What is unique about the fatigue associated with cortisol levels? People who have low cortisol often speak of a pattern: They have relatively decent or somewhat better energy level in the morning, and then as the day goes on, they tend to have lower amounts of energy. The common description patients often mention is, “I run out of gas by mid or late afternoon.” Depending on the cause or the concern or the adrenal problem, patients with low cortisoloften have associated symptomatology. It is our job, as physicians, to try to elicit these symptoms. One of them, particularly in women before menopause, is the loss of hair in the pubic area and the axilla and a decrease in libido, even though they may still be menstruating. This is a very common feature in people who have adrenal problems. One of the characteristic features in adrenal diseases is, before people lose the function of the glucocorticoids, specifically cortisol, their body loses androgen first. In women with a low cortisol, nine out of 10, if not all of them, would have already lost their adrenal androgen before that. By exam or by history, one can elicit this very easily.

We also must look at family history, specifically, problems with autoimmune process.

Many things can interfere with cortisol measurements, particularly any medications a person is taking, such as an inhaled glucocorticoid, injected or cream steroids.
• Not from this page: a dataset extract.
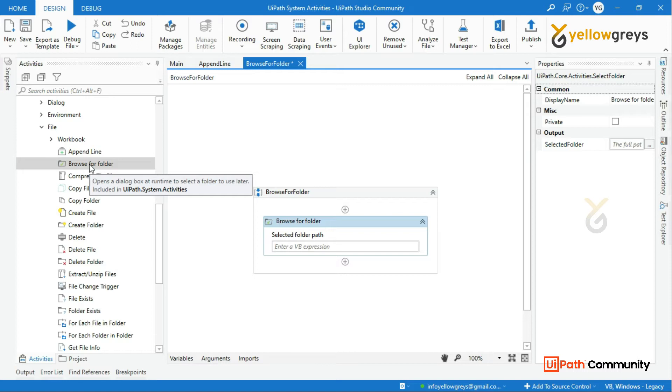And the path of folder in this Browse for Folder, it opens a dialog box at runtime to select a folder to use later.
A common example that is often overlooked is the use of an oral contraceptive, which could give you a falsely elevated cortisol level. Chronic opioid use is a consistent cause of adrenal dysfunction or insufficiency. The important thing is if you were to measure the cortisol level, please appreciate its limitations and interpret the value with caution.

For a long time, I have also advocated for measuring the main adrenal androgen, dehydroepiandrosterone, when one suspects an adrenal problem. The test is exquisitely sensitive to adrenal dysfunction. Anytime that test is normal, you can safely say there is no adrenal insufficiency. That said, I would not perform that test alone but in conjunction with cortisol testing, knowing that measurement of cortisol has its own limitations.

Baha M. Arafah, MD, is division chief of clinical and molecular endocrinology and professor of medicine at Case Western Reserve University. Disclosure: Arafah reports no relevant financial disclosures.